#### WORK TO BE COMPLETED:
Every entry that follows must be written out exactly, apart from its pictures.
== Segment start ==
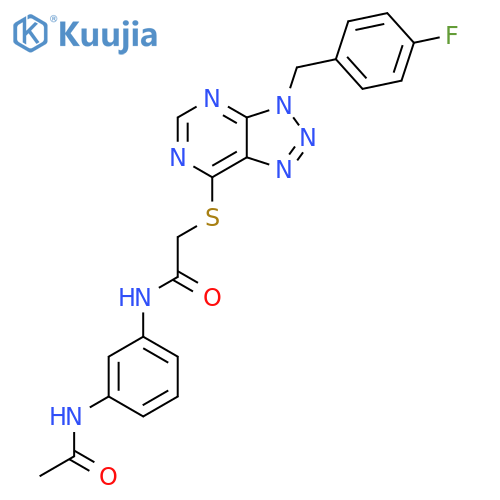 N-(3-acetamidophenyl)-2-({3-(4-fluorophenyl)methyl-3H-1,2,3triazolo4,5-dpyrimidin-7-yl}sulfanyl)acetamide structure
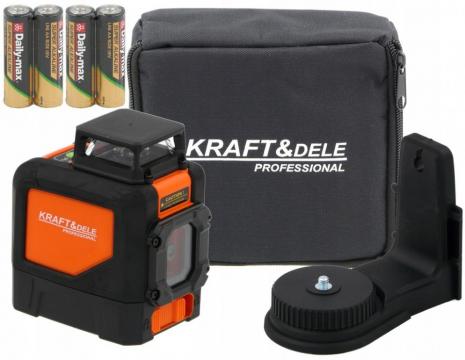 Nivela laser vertical si orizontal KraftDele KD10308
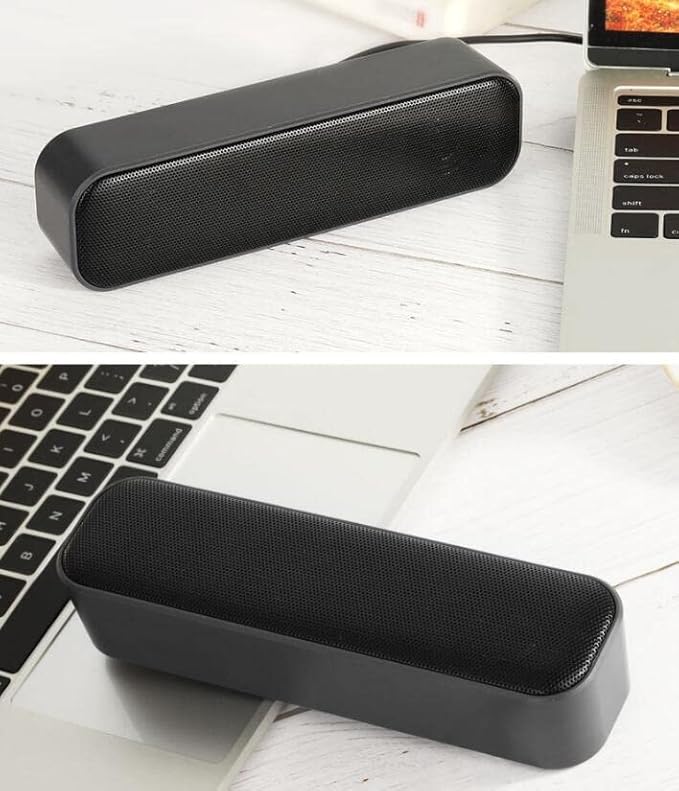 USB Computer Speakers Desktop Speaker USB Powered Mini Wired Soundbar for PC or Laptop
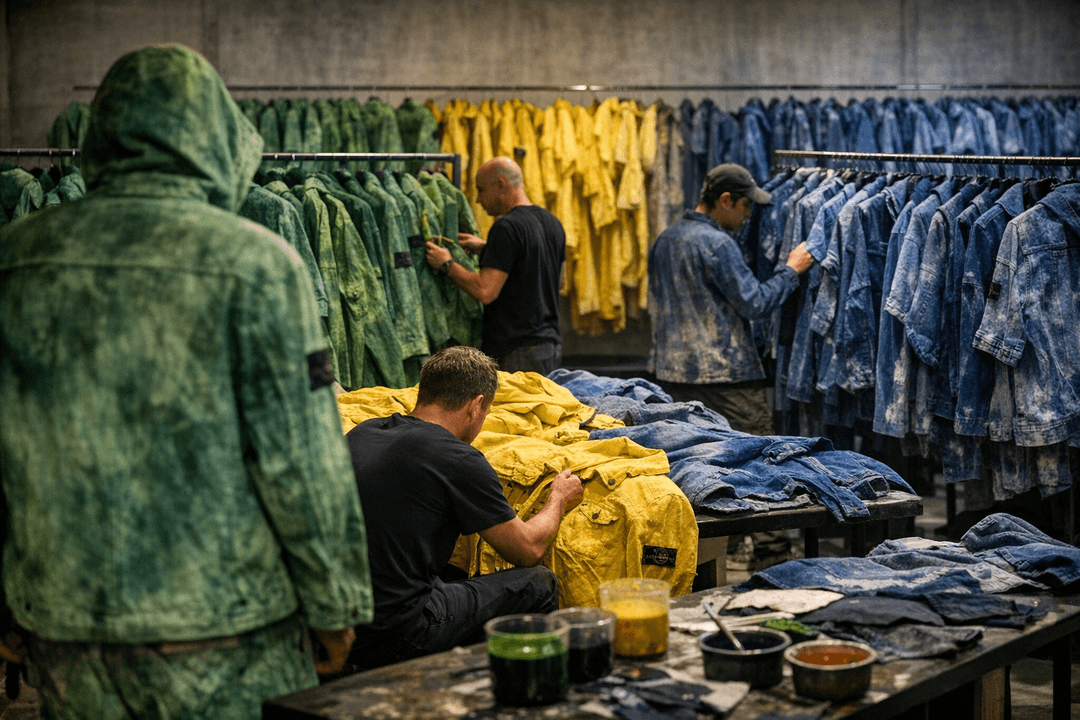 Stone Island SS26 Turns Denim Into a Canvas for Color Experiments ...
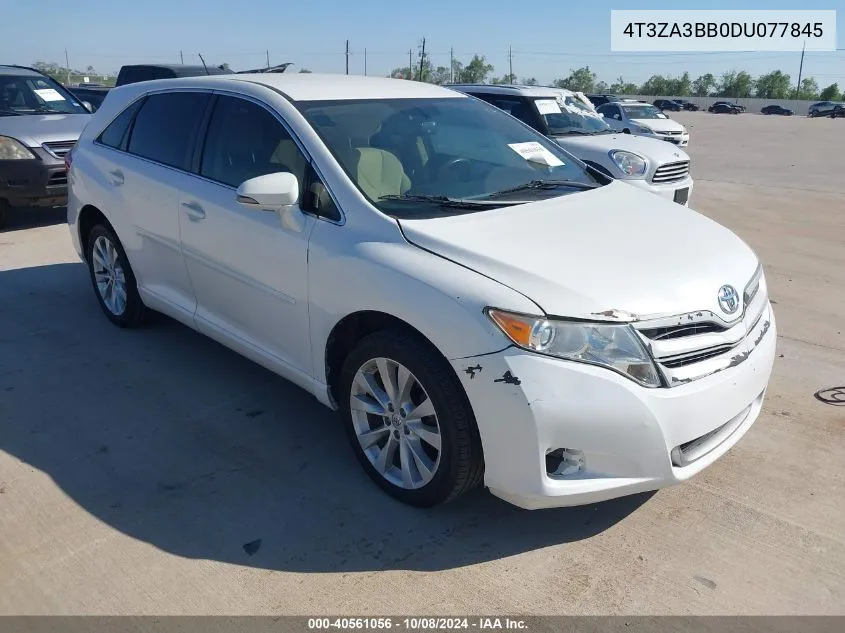 2013 Toyota Venza Le VIN: 4T3ZA3BB0DU077845 Lot: 40561056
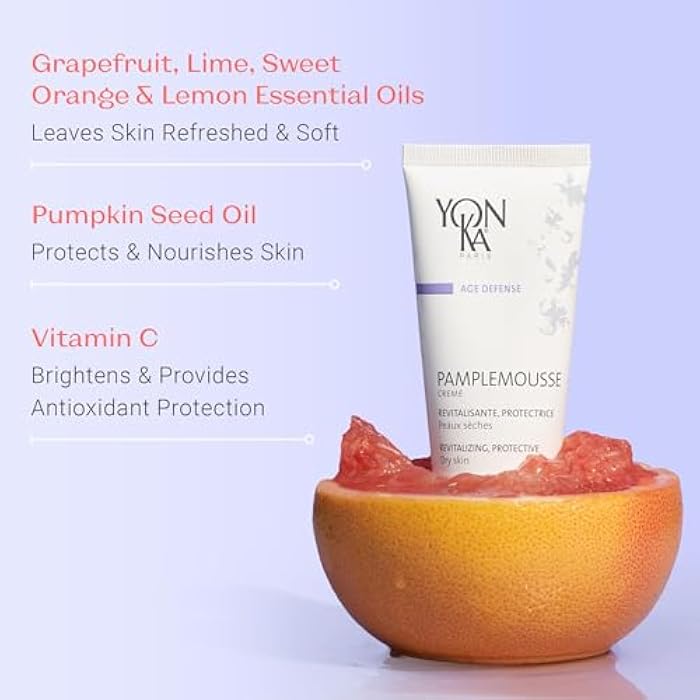 Yonka Pamplemousse Face Cream | Daily Hydrating Face Moisturizer | Lightweight Lotion with Vitamin C to Tighten Pores and Mattify Skin | Paraben-Free - Image 2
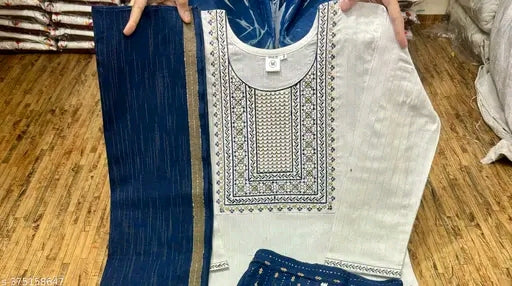 White Embroidery set
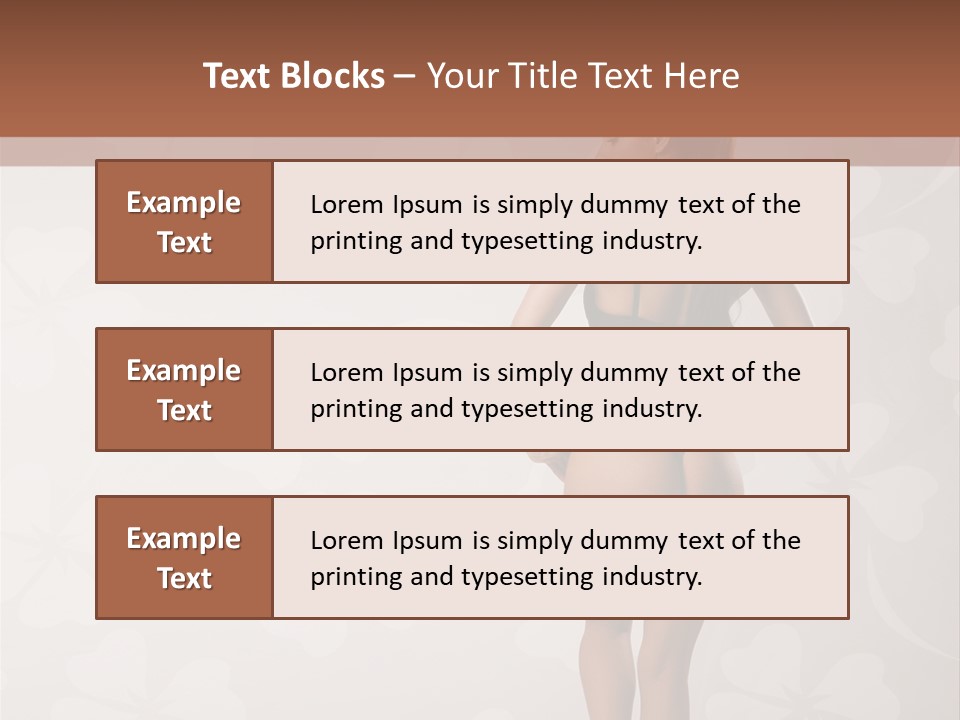 Pose Fashion Beauty PowerPoint Template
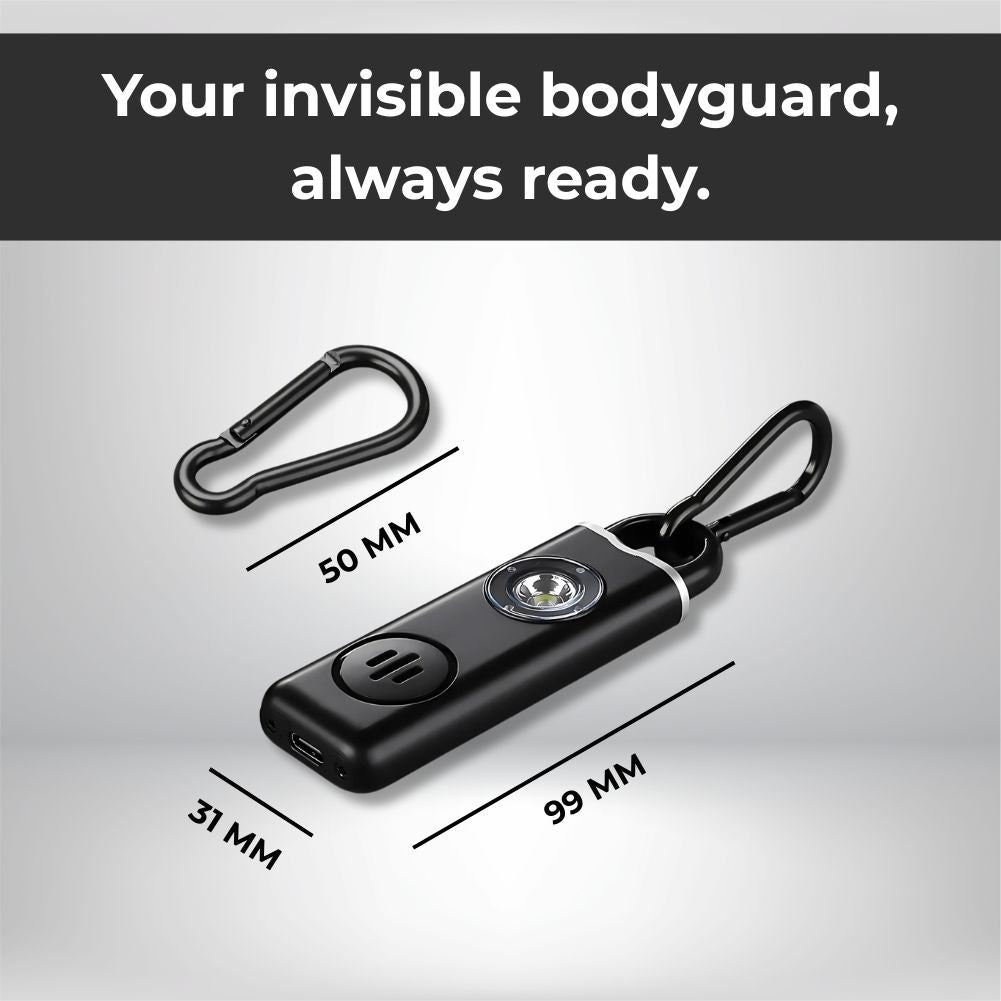BlareGuard Personal Safety Alarm | 130dB Keychain Alarm for Everyone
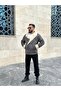 معطف طويل كبير الحجم من جلد النوبوك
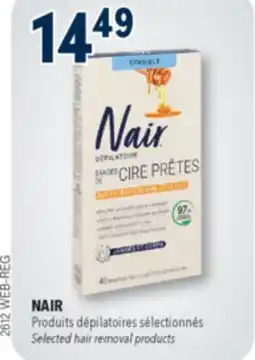 Familiprix NAIR, Selected hair removal products offer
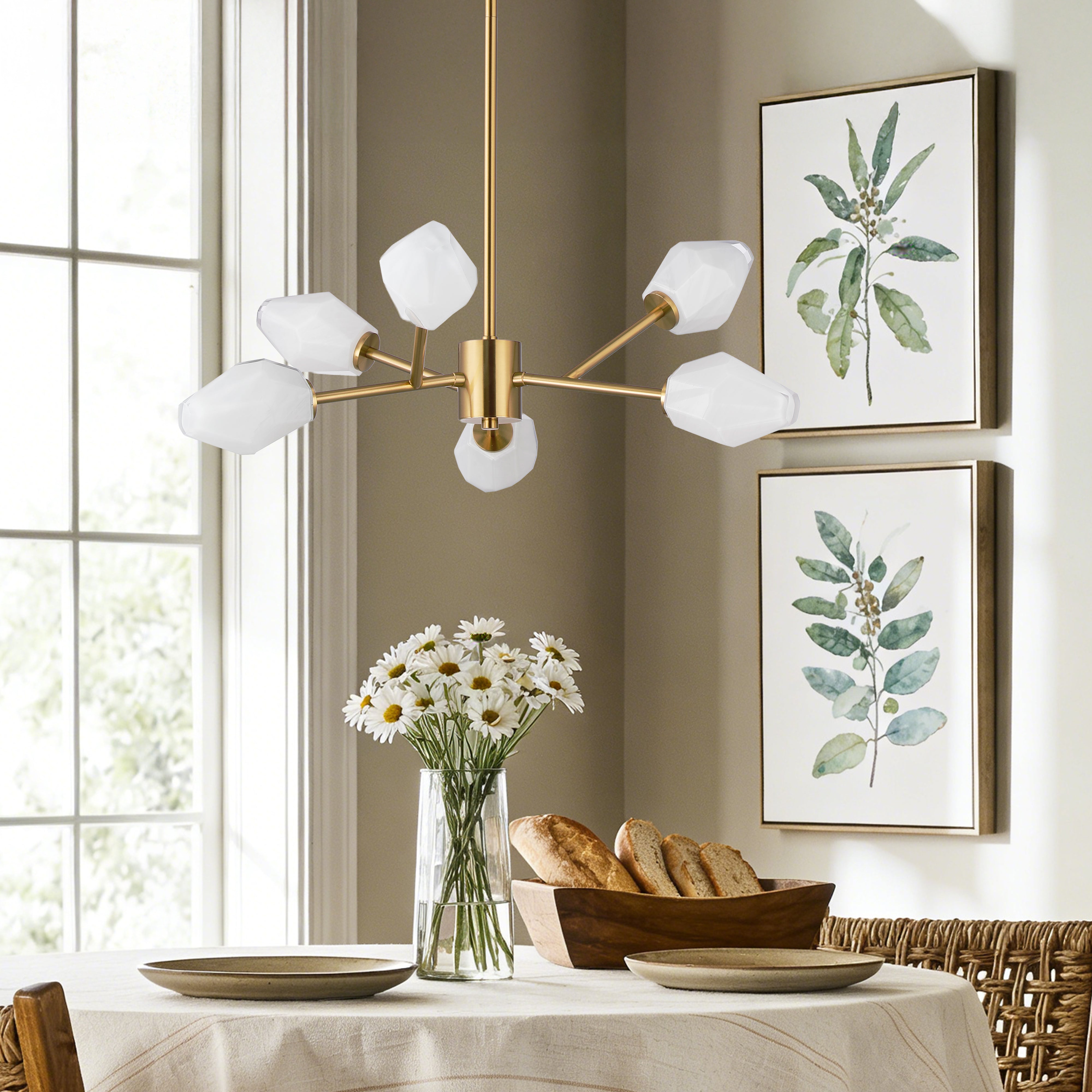 Bronze Handmade Glass Chandeliers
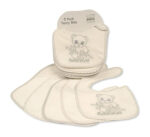 White Terry Bibs Pack of 5 for Baby Girls and Boys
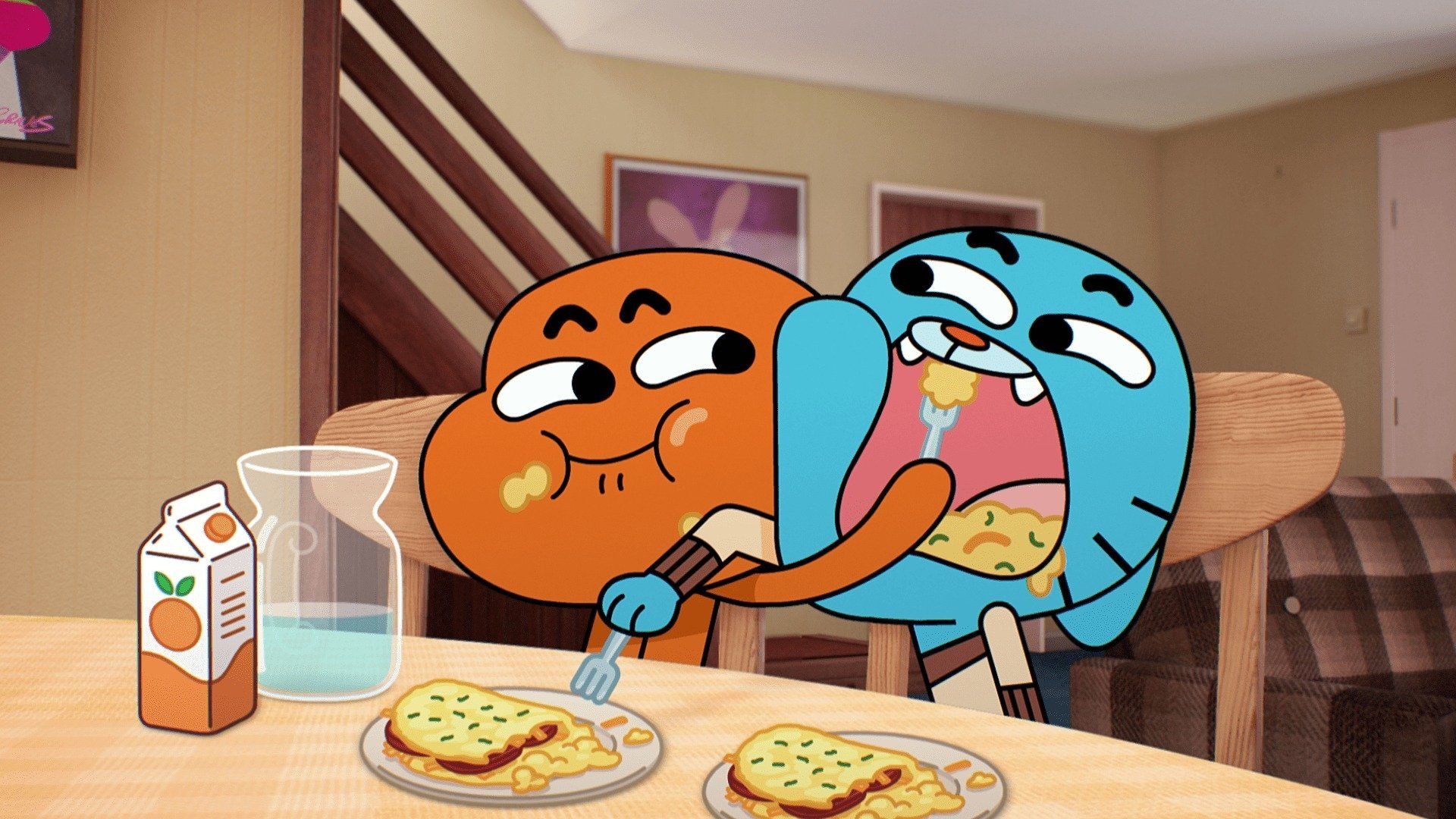 The Amazing World of Gumball background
== Segment end ==
#### EXERCISE OUTPUT:
 N-(3-acetamidophenyl)-2-({3-(4-fluorophenyl)methyl-3H-1,2,3triazolo4,5-dpyrimidin-7-yl}sulfanyl)acetamide structure
 Nivela laser vertical si orizontal KraftDele KD10308
 USB Computer Speakers Desktop Speaker USB Powered Mini Wired Soundbar for PC or Laptop
 Stone Island SS26 Turns Denim Into a Canvas for Color Experiments ...
 2013 Toyota Venza Le VIN: 4T3ZA3BB0DU077845 Lot: 40561056
 Yonka Pamplemousse Face Cream | Daily Hydrating Face Moisturizer | Lightweight Lotion with Vitamin C to Tighten Pores and Mattify Skin | Paraben-Free - Image 2
 White Embroidery set
 Pose Fashion Beauty PowerPoint Template
BlareGuard Personal Safety Alarm | 130dB Keychain Alarm for Everyone
 معطف طويل كبير الحجم من جلد النوبوك
 Familiprix NAIR, Selected hair removal products offer
 Bronze Handmade Glass Chandeliers
 White Terry Bibs Pack of 5 for Baby Girls and Boys
 The Amazing World of Gumball background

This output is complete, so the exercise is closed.